Waterflood feasibility of the Brushy Canyon Formation: Red Tank field, Lea County, New Mexico
The U. S. Department of Energy estimates that 5 billion barrels of oil will remain in existing slope basin clastic reservoirs of the Permian Basin unless new and innovative recovery methods are implemented. This clearly highlights the need for operators to take a more comprehensive look into secondary recovery methods such as waterflooding. In this study, the author used a variety of tools to characterize this reservoir and to predict its response to water injection. Sequence stratigraphy was used to construct the geologic framework of the field. Scanning electron microscopy, X-ray diffraction, and thin section analysises were used to determine the bulk and clay mineralogy of the reservoir. Core analysis helped to determine Archie log parameters and net pay cutoffs needed in determining reserves from volumetrics. Analytical waterflood models recommended in SPE Monograph 3 were used to predict the reservoirs response to water injection.
Sequence stratigraphy indicated that the basal Brushy Canyon contains cyclic deposits.

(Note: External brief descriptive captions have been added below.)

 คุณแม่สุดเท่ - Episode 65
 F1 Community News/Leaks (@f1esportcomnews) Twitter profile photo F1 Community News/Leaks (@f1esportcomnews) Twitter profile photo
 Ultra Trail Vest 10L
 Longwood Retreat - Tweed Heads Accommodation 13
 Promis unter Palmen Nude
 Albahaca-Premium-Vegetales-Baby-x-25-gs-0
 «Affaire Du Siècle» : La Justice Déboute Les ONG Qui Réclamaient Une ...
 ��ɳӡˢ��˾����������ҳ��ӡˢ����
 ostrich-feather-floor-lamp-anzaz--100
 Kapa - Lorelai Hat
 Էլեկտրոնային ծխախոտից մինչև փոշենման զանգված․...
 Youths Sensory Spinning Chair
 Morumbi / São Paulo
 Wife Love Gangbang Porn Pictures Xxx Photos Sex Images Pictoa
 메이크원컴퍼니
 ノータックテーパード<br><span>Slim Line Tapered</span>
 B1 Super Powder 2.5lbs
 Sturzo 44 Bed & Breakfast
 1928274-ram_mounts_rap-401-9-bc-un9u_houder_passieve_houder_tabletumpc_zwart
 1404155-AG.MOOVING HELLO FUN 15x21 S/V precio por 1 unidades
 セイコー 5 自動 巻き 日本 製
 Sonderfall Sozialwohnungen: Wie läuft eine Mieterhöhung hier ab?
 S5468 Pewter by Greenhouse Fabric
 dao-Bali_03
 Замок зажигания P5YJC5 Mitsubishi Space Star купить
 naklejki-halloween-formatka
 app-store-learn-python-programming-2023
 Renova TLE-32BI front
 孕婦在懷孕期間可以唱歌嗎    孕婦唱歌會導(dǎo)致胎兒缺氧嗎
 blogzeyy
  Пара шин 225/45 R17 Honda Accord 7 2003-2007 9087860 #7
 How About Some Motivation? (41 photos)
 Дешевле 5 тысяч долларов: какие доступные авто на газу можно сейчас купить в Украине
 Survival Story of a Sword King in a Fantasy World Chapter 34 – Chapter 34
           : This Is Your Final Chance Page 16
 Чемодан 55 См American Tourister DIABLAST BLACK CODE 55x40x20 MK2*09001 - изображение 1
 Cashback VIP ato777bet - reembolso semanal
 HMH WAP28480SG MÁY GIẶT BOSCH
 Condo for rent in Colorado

Five highstand and five lowstand deposits were identified in three wells along a 1-1/2 mile cross-section. These deposits were interpreted to have been transported by a variety of mechanisms during an overall drop in relative sea level within an intermediate-order cycle. The drop in sea level was most likely caused by glaciation with cyclic waxing and waning induced by Milankovic climate cycles.
Bulk mineralogy of this reservoir indicate it to be a subarkosic sandstone with quartz, K-feldspar, and carbonate cements comprising the major minerals. Clay mineralogy indicate that the average laboratory volume of clay is 11.6%, of which 55% is illite and 45% is iron-rich chlorite. The iron-rich chlorite renders this reservoir acid sensitive. There were no significant amounts of swelling clays detected.
Using a porosity-permeability transform a minimum core porosity cutoff for a minimum economic permeability of 1.0 md was 11%. Formation resisitivity factor measurements indicate a cementation exponent of 1.41 and an a coefficient of 1.28. A saturation exponent of 1.80 was obtained using a modified Maute method (1992). Relative permeability measurements indicate this reservoir to be uniformly water-wet. From the relative permeability curves it was noted that permeability to oil was insignificant at saturations above 50%. This value was used as the saturation cutoff in the net pay criteria. Using the Archie equation with the above parameters and cutoffs, along with a volume of clay cutoff less than 15%, the total reserves in the area studied were 9.07 MMstb.
Waterflood calculation indicate a mobility ratio of 0.33 and permeability variance of 0.3. Fractional flow calculations predict piston like displacement Predicted injection rates are low and should continually reduce throughout the life of the waterflood due to a low average permeability and low water mobility. Using the Dykstra-Parsons and modified Craig-Geffen-Morse methods the predicted waterflood reserves were 276.7 and 123.7 Mstb of oil per 40 acre five-spot pattern.